Required work | Where a picture occurs in the data, omit it, and copy all remaining data exactly.

Dataset excerpt |
____________
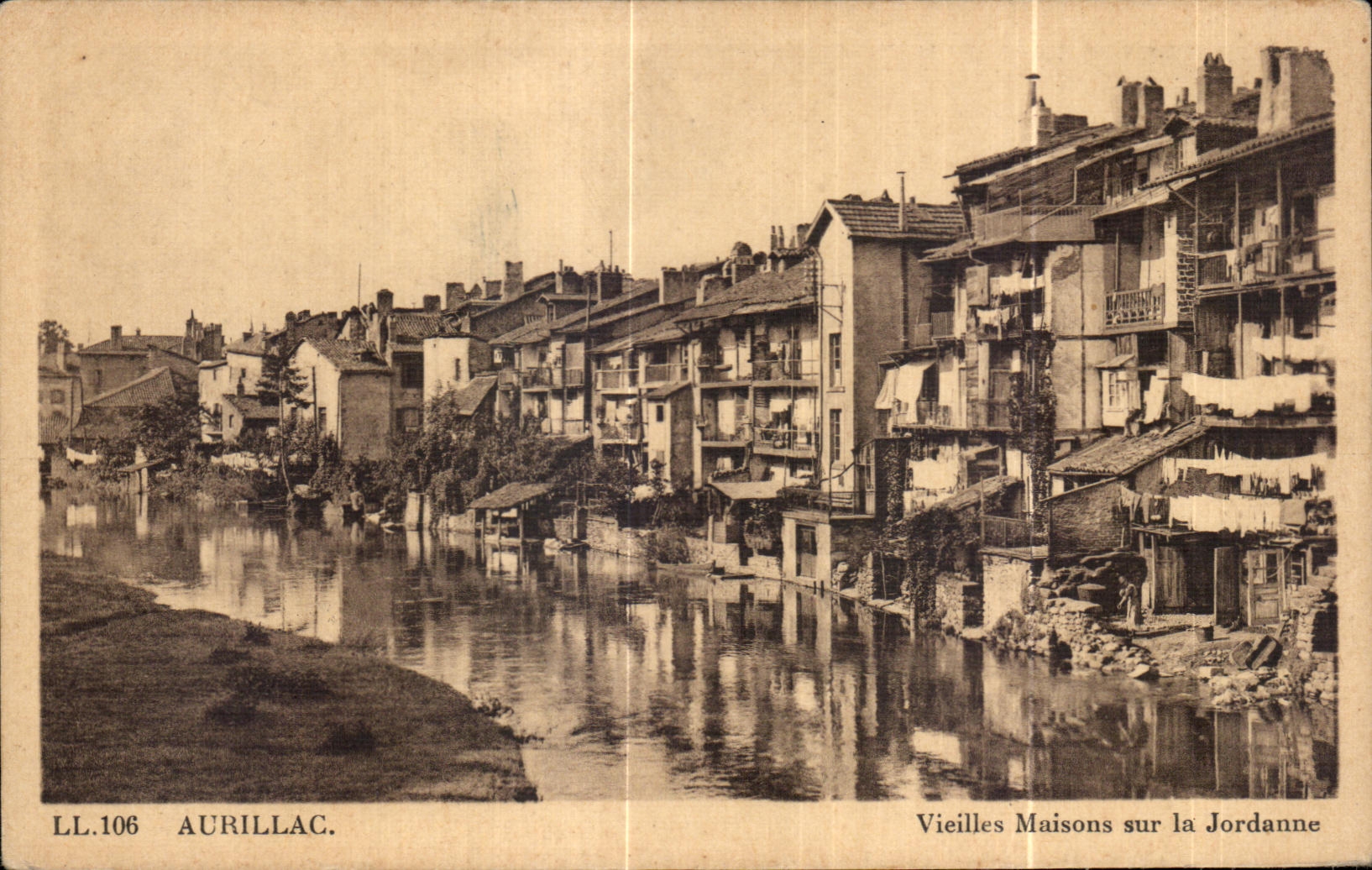Aurillac — Vieilles Maisons sur la Jordanne — LL.106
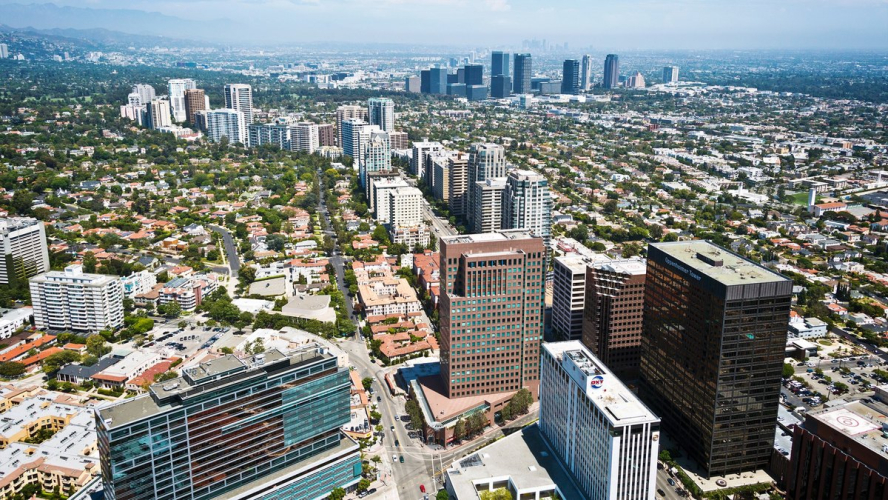 Los Angeles Luxury Condo Market Heats Up as Wealthy Buyers Move In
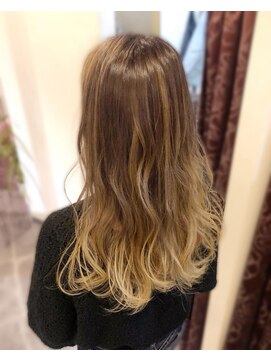 24 岸和田店 今っぽ可愛い♪外国人風バレイヤージュ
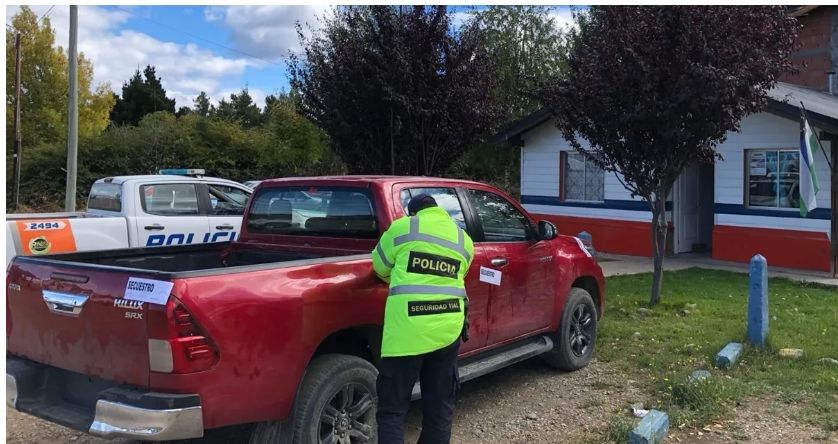 Encuentran en Bariloche una camioneta que tenia pedido de secuestro por estafa en La Rioja Encuentran en Bariloche una camioneta que tenia pedido de secuestro por estafa en La Rioja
____________
Output below |
Aurillac — Vieilles Maisons sur la Jordanne — LL.106
 Los Angeles Luxury Condo Market Heats Up as Wealthy Buyers Move In
 24 岸和田店 今っぽ可愛い♪外国人風バレイヤージュ
 Encuentran en Bariloche una camioneta que tenia pedido de secuestro por estafa en La Rioja Encuentran en Bariloche una camioneta que tenia pedido de secuestro por estafa en La Rioja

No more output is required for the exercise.